Sources: src/lib.rs(L9)
Time Conversion Data Flow
Reading Time from Hardware
flowchart TD A["RTC_TIME_LOW register"] C["Combine into 64-bit value"] B["RTC_TIME_HIGH register"] D["((high << 32) | low)"] E["Divide by NSEC_PER_SEC"] F["Unix timestamp (seconds)"] G["64-bit nanoseconds"] A --> C B --> C C --> D C --> G D --> E E --> F G --> E
Reading Time Conversion Process
The get_unix_timestamp()
function implements a multi-step process to extract time from hardware registers and convert to Unix timestamp format.
Sources: src/lib.rs(L36 - L40)
Writing Time to Hardware
flowchart TD A["Unix timestamp (seconds)"] B["Multiply by NSEC_PER_SEC"] C["64-bit nanoseconds"] D["Split into 32-bit values"] E["time_nanos >> 32"] F["time_nanos as u32"] G["Write to RTC_TIME_HIGH"] H["Write to RTC_TIME_LOW"] A --> B B --> C C --> D D --> E D --> F E --> G F --> H
Writing Time Conversion Process
The set_unix_timestamp()
function performs the inverse conversion, transforming Unix timestamps into the hardware's nanosecond format and distributing the value across two registers.

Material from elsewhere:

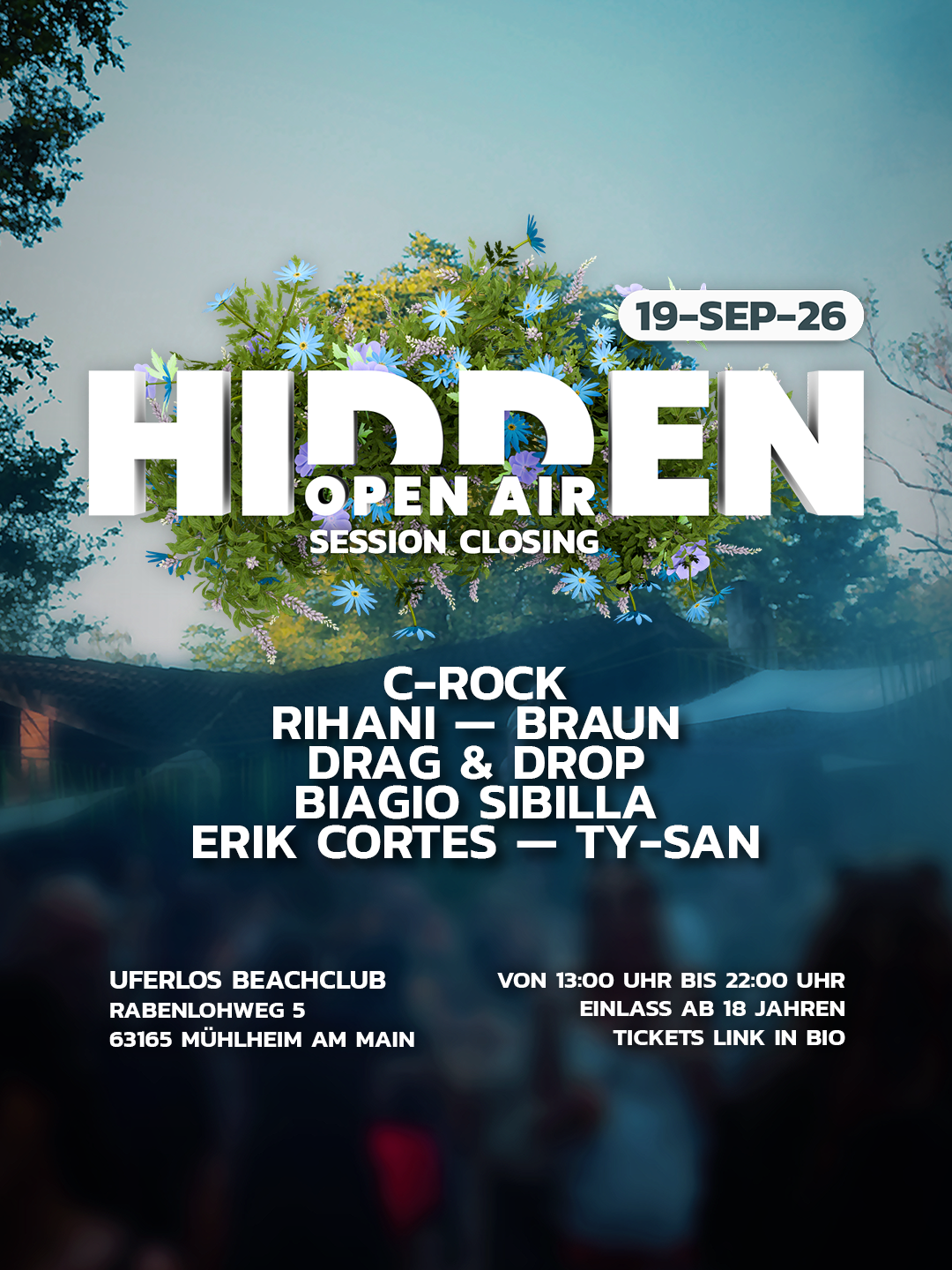 HIDDEN OPEN AIR. Rabenlohweg 5, 63165 Mühlheim am Main OFFENBACH -FRANKFURT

Sources: src/lib.rs(L43 - L49)
Bit Manipulation and Register Mapping
The conversion process requires careful handling of 64-bit values across 32-bit register boundaries, involving specific bit manipulation operations.

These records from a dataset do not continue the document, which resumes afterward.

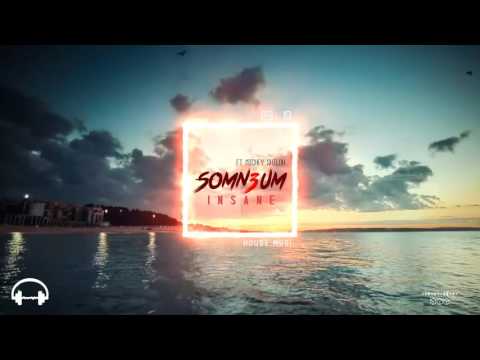 Somn3um - Insane (feat Mickey Shiloh)
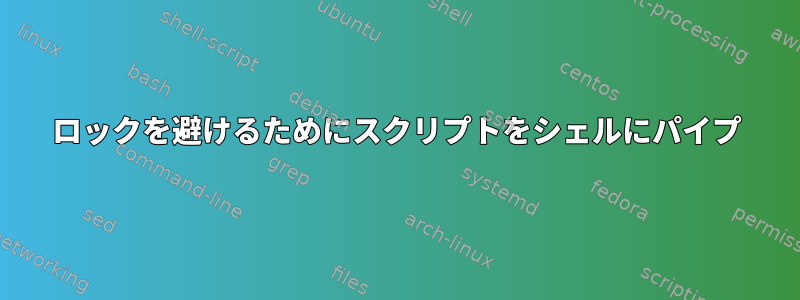 ロックを避けるためにスクリプトをシェルにパイプ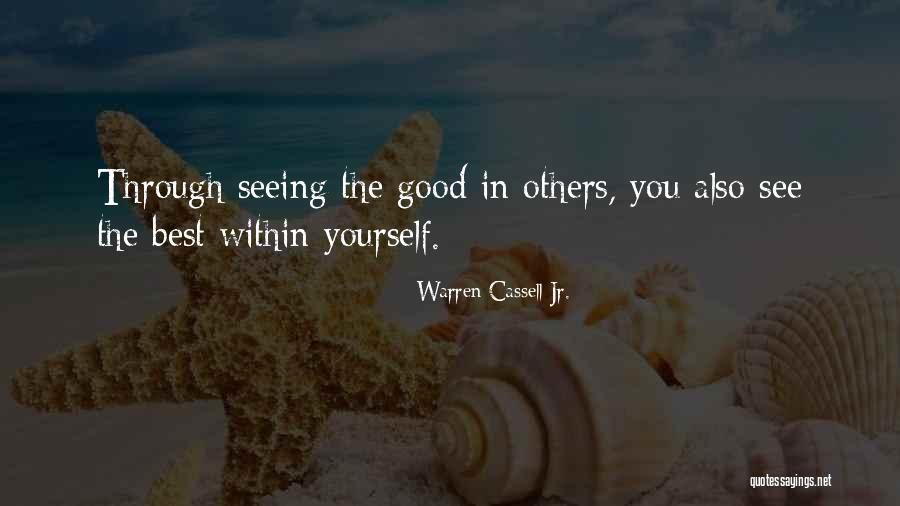 Seeing Yourself In Others Quotes By Warren Cassell Jr. Seeing Yourself In Others Quotes By Warren Cassell Jr.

flowchart TD subgraph subGraph1["Hardware Registers"] RH["RTC_TIME_HIGH0x04"] RL["RTC_TIME_LOW0x00"] end subgraph subGraph0["64-bit Nanosecond Value"] H["High 32 bits[63:32]"] L["Low 32 bits[31:0]"] end subgraph subGraph3["Write Operations"] W4["write(RTC_TIME_LOW, low)"] subgraph subGraph2["Read Operations"] W1["time_nanos >> 32"] W2["time_nanos as u32"] W3["write(RTC_TIME_HIGH, high)"] R1["read(RTC_TIME_LOW) as u64"] R2["read(RTC_TIME_HIGH) as u64"] R3["(high << 32) | low"] end end H --> RH L --> RL
Register Bit Mapping and Operations
Sources: src/lib.rs(L37 - L39) src/lib.rs(L45 - L47)
Implementation Analysis
Precision and Range Considerations
The conversion implementation maintains full precision when converting from Unix seconds to nanoseconds, as the multiplication by NSEC_PER_SEC
is exact for integer values. However, the reverse conversion from nanoseconds to seconds uses integer division, which truncates sub-second precision.
Supported Time Range:
- Maximum representable time:
(2^64 - 1) / NSEC_PER_SEC
≈ 584 years from Unix epoch - Minimum granularity: 1 second (in Unix timestamp format)
- Hardware granularity: 1 nanosecond (internal representation)
Atomic Operation Considerations
The current implementation does not provide atomic guarantees when reading or writing the split 64-bit value across two 32-bit registers. The get_unix_timestamp()
function reads RTC_TIME_LOW
first, then RTC_TIME_HIGH
, while set_unix_timestamp()
writes RTC_TIME_HIGH
first, then RTC_TIME_LOW
. This ordering could potentially result in inconsistent reads if the hardware updates between register accesses.